Pol Fité Matamoros

I am an architect and urbanist from Barcelona, Spain. My project interrogates fascism as a spatial question—i.e. as deploying not only on certain spatial tactics, but also as premised on certain spatial imaginaries—and the links this illuminates with colonialism through the case of Spain at the turn of the 20th century.

During my architecture and urbanism studies, I became interested in the transformations of the Spanish landscape under Francoism (the Spanish fascist regime between 1939 and 1975) and during the country’s transition to democracy (1975–81). I was first interested in studying the form and dynamics of its contemporary landscapes through a morphological lens, and later in paying unpacking the political economy of its urbanization processes in such a key moment of political reorganization in Europe (namely the creation of the EU).

Once at UC Berkeley I was able to broaden my interrogation of Spain’s 40-year-long dictatorship through different disciplinary lenses, from anthropology to cultural studies. And, before the rise of ethno-nationalisms across the globe, my interest began shifting from interrogating the Spanish transition to democracy and the legacies left by the Francoist regime, to exploring its coming to be in the early 20th century.

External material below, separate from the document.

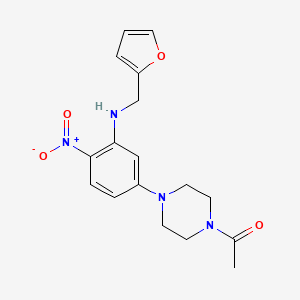 5-(4-acetyl-1-piperazinyl)-N-(2-furylmethyl)-2-nitroaniline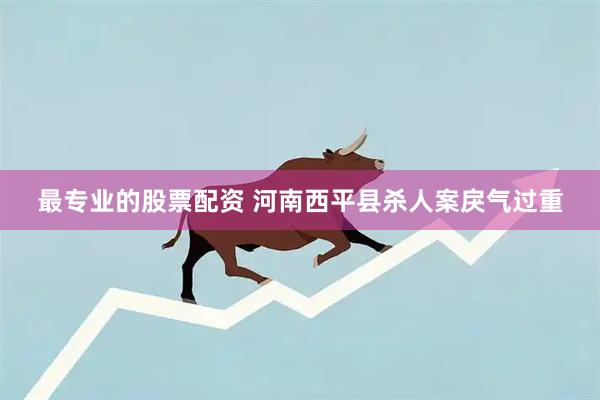 最专业的股票配资 河南西平县杀人案戾气过重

Which conditions, types of subjectivities, imaginations, etc., allowed for fascism to emerge in Spain? My hypothesis here was that there was something very spatial to fascism—not only in the way they organized their regime, but in the very thinking that allowed it to emerge and gain traction amongst significant sectors of the population. And that ‘that spatial something’ was tightly intertwined with Spanish colonialism.

Already in 1950, the renowned Martinican thinker Aimé Césaire argued that fascism was the boomerang effect of colonialism. That it was its unintended consequence, the turning of colonial violence to the metropolis. And yet, this proposition has remained largely unexplored.

Spain offers an ideal scenario to explore this argument. Towards the end of the 19th century Spain “lost” its last colonies in the Americas and turned its gaze to northwest Africa to make up for its lost territories and markets, and ultimately to its own landscapes to undertake modernization and increase production. That sense of loss and its new colonial imaginations for regeneration entailed the circulation of plenty of images about Spain’s lost empire in the Americas and its rebirth in northwest Africa, catalogues of colonized peoples, metaphors for the geographic unity between Spain and Morocco, and the like. In other words, it entailed the naturalization of certain spatial imaginations of what constituted Spain’s decadence and how to bring about its rebirth. Unsurprisingly, then, the fascist movement built on these very colonial spatial imaginations when articulating their vision for a renewed Spanish Empire.

In turn, Spain was a marginal European power that strongly felt the anxieties of Europe’s imperial race: Its colonial territories of the Moroccan Rif, Western Sahara, and Equatorial Guinea were much smaller than those of any other European power (reason why they have remained largely understudied). And the country’s historical ties to northwest Africa meant that in terms of architecture, urbanism, landscape features, and racial appearance, colonizer and colonized were often indistinguishable. In this context, the Spanish colonial administration had to develop an array of spatial techniques to leverage that similarity as a sign of their ‘rightful role’ as the colonizer while still asserting their colonial superiority—a marked departure from their European colonial counterparts, who relied upon difference to enact claims of colonial rule. Some years later, the colonial military that spearheaded the Spanish fascist coup drew on that same shared Iberian-Moorish heritage to justify their regime in historical terms and frame it as a revolution against European powers in the eyes of the colonized. And they deployed the same array of techniques developed in northwest Africa to, essentially, turn the Iberian Peninsula itself into a colony and undertake modernization by force.

Thus, this research project explores the role that colonial spatial imaginations played in setting the stage for fascist arguments to be conceivable and take root. And how the enactment of those spatial imaginations in the colonies birthed an array of spatial techniques to produce both social and racial difference and similarity that the fascist regime would then apply to Peninsular Spaniards.

This research grant helped fund my accommodation in Madrid for several months to go to many of Spain’s national and municipal archives (including the Military Archives, its General Administration Archives, the National LibraryMadrid’s Municipal Hemeroteca, the Filmoteca, etc.). It also allowed me to pay shorter visits to Salamanca and Seville, where other relevant archives are located (such as the Archive for the Recuperation of Historical Memory and the Archive of the Indies); and, in the case of Seville, where the important colonial-themed Ibero-American Exhibition took place in the 1920s (still visitable today).

The research grant also helped me fund my trip across the Moroccan Rif, both to try to access the remaining documents of Spain’s colonial administration in Tétouan and to drive across the Riffian landscapes, experiencing firsthand the landscapes portrayed in the archival materials I was consulting. My stay in Morocco also allowed visiting all the rural colonization towns that, from the evidence I found so far, were founded by the Spanish colonial administration at the turn of the century and set a way of organizing both city blocks, water infrastructures, and agricultural activities that still shapes the Rif’s landscapes today.